To address the question from #8:

I don't think it's a great idea to put binaries / artifacts (parser.c) into the source repository, it would probably make more sense to put those into a release archive, e.g. from github actions. Does helix support loading the parser from a release zip file?

It might make sense, but almost all treesitter grammar has artifacts committed into the repository. Here are some:

  1. https://github.com/briot/tree-sitter-ada
  2. https://github.com/tree-sitter/tree-sitter-agda
  3. https://github.com/aheber/tree-sitter-sfapex
  4. https://github.com/tree-sitter/tree-sitter-bash
  5. https://github.com/zwpaper/tree-sitter-beancount
  6. https://github.com/amaanq/tree-sitter-capnp
  7. https://github.com/tree-sitter/tree-sitter-c
  8. https://github.com/tree-sitter/tree-sitter-cpp
  9. https://github.com/tree-sitter/tree-sitter-c-sharp
  10. https://github.com/sogaiu/tree-sitter-clojure
  11. https://github.com/uyha/tree-sitter-cmake
  12. https://github.com/stsewd/tree-sitter-comment

That was the first 12 parsers in https://tree-sitter.github.io/tree-sitter/#parsers, so it is safe to say that a lot of them does this, including the ones from tree-sitter themselves.

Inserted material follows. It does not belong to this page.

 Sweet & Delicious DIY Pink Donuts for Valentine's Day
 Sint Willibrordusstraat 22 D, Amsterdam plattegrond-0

The other advantage of this approach is that you don't need Node.js, npm, and tree-sitter-cli just to install a language.

As for binding.gyp, it is needed, because if you read the generated binding.gyp:

{
  "targets": [
    {
      "target_name": "tree_sitter_d_binding",
      "include_dirs": [
        "<!(node -e \"require('nan')\")",
        "src"
      ],
      "sources": [
        "bindings/node/binding.cc",
        "src/parser.c",
        # If your language uses an external scanner, add it here.
      ],
      "cflags_c": [
        "-std=c99",
      ]
    }
  ]
}

You can see that scanner.cc wasn't included!

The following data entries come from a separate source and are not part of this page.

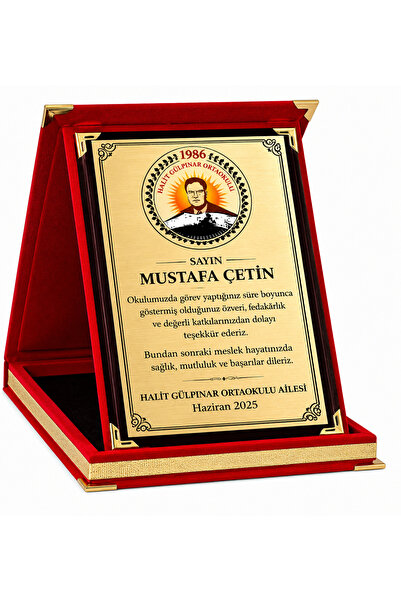 siverek reklam Kişiye Özel Plaket - Kişiye Özel Kadife Plaket - Öğretmene Pla...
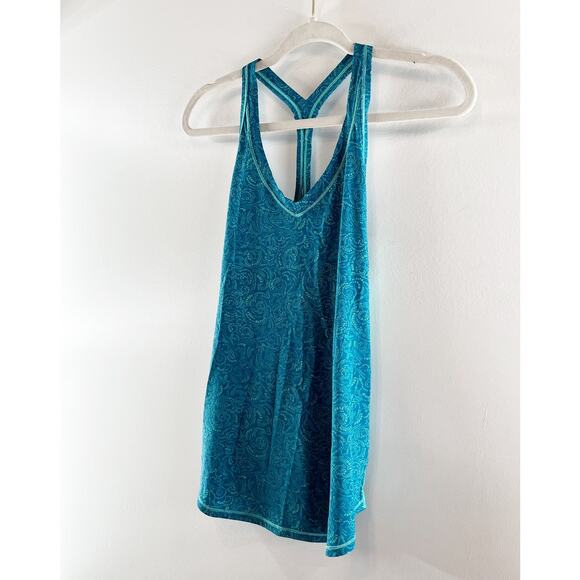 Lululemon Fast Lane Singlet Racerback Tank Top Foil Teal Green Small - Picture 6 of 9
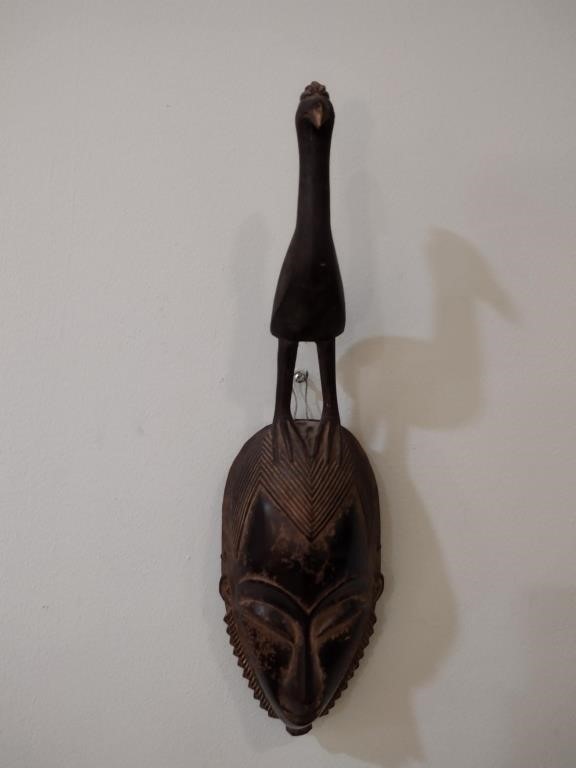 Primitive African Hand Carved Mask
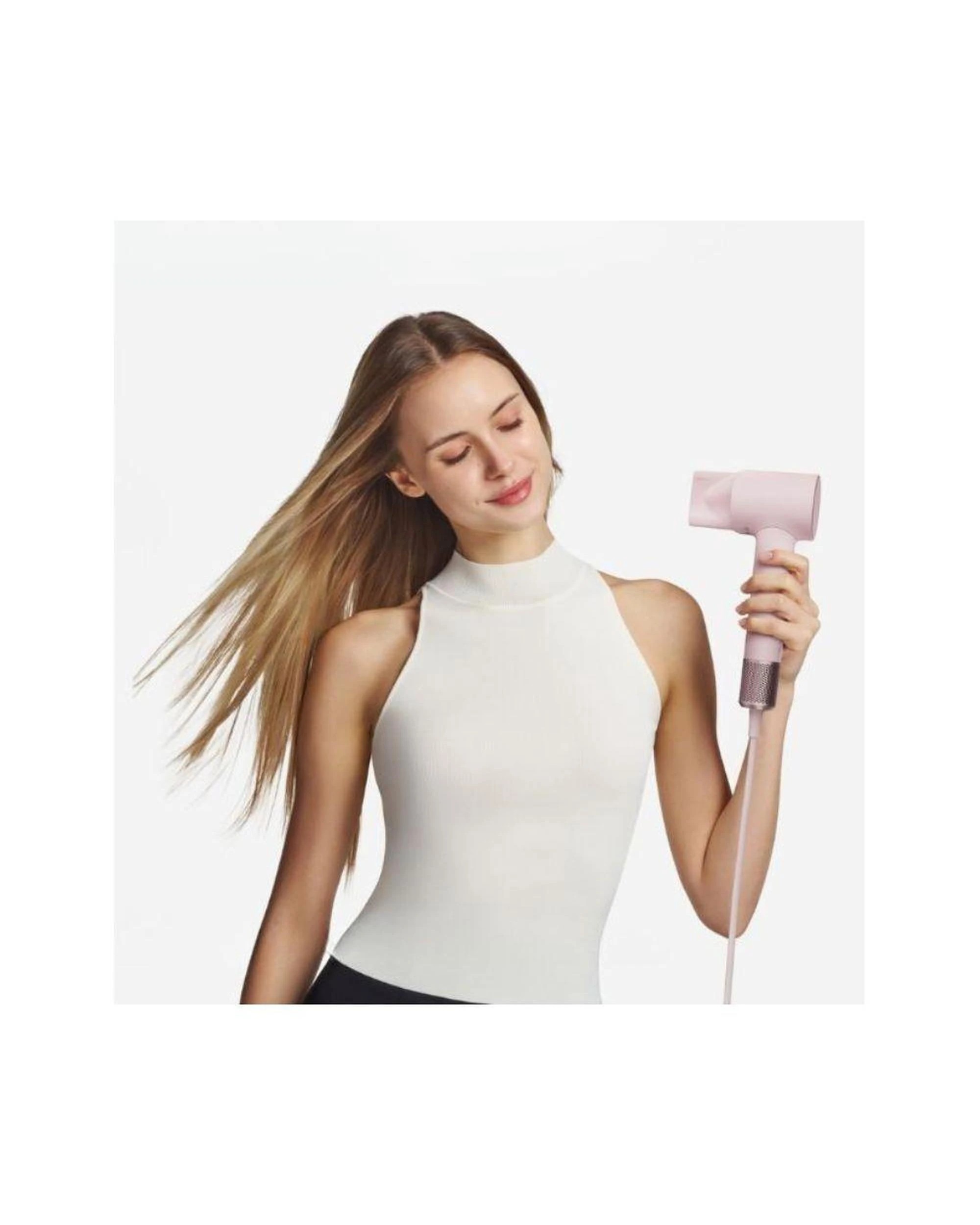 2 Laifen Mini Hair Dryer White Lightweight Compact High Speed, 2 of 3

From https://tree-sitter.github.io/tree-sitter/creating-parsers#external-scanners:

Then, add another C or C++ source file to your project. Currently, its path must be src/scanner.c or src/scanner.cc for the CLI to recognize it. Be sure to add this file to the sources section of your binding.gyp file so that it will be included when your project is compiled by Node.js and uncomment the appropriate block in your bindings/rust/build.rs file so that it will be included in your Rust crate.

CyberShadow commented 11 months ago

Thanks (and also for researching this)!

takase1121 commented 11 months ago

Could this go into the generated branch?

In other words, do the tools that use tree sitter repositories look for stuff on the master branch, or the default branch? Ideally these would go into an automatically updated branch that is not the default branch seen by people who want to read the implementation or contribute to it.

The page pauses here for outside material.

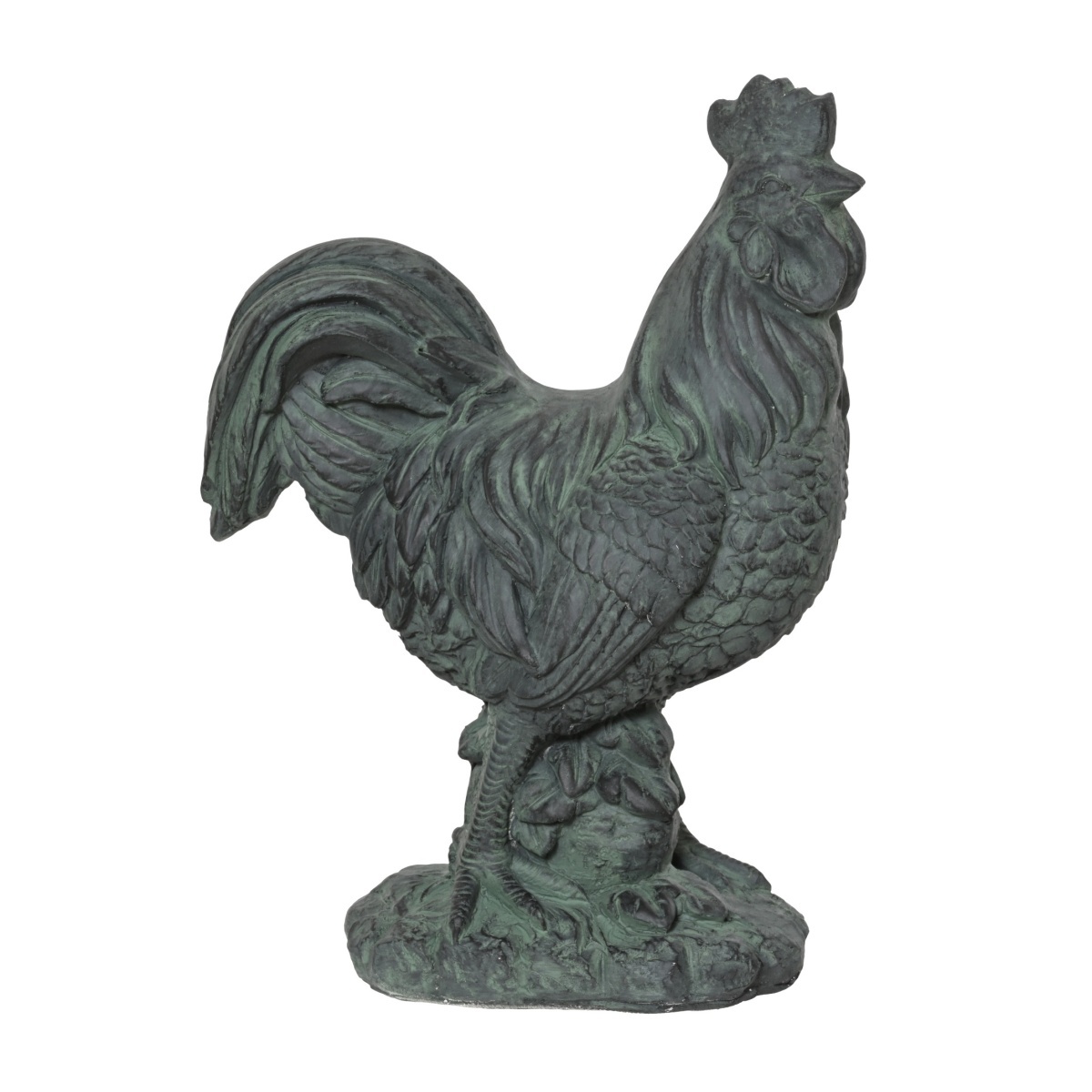 Dekorační figurky zvířat - Stojící kohout z polymagnesia 50cm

If it has to be master, then we could swap the branches and move generated to master and master to dev or such.

I'm not sure, but I think most tools unfortunately only reads from master. For my part, I'm totally fine with it on a different branch; Neovim has support for this repository (in its current form) already, helix allows the user to supply a rev key so a branch can be used.

Would you mind updating the documentation to integrate a description of this change?

Ah, I didn't know. I'll look into that.

Do you think it would be possible to update these automatically, i.e. update the generated branch when something is pushed to the non-generated branch?

I've made workflows that could open PRs. I'm sure this is possible but it would require the owner to give GHA write permissions.

takase1121 commented 11 months ago

Just tell me if you want to retarget this PR to generated, I can do so.

CyberShadow commented 11 months ago

Yes please, at the very least it should go there.

Note that the documentation is only on master.

takase1121 commented 11 months ago

I was looking at the different branches - I don't think it can be placed in generated, since generated contains the initial grammar files, which needs to be patched (in master) to get the final results.

I think it might be better to create a new branch to host the final files, or to have the generation part "abstracted out" the repo, so in the end it only has source and the final product.

CyberShadow commented 11 months ago

Aah, sorry, I got confused!

or to have the generation part "abstracted out" the repo, so in the end it only has source and the final product.

I don't think we can do that. The reason for the two branches is to use Git merge to port any manual fixes onto new versions of the generated grammar.

CyberShadow commented 11 months ago

OK, so I think this is good. I'm going to check again to make sure I get the exact same files on my end, as we want the process to be deterministic.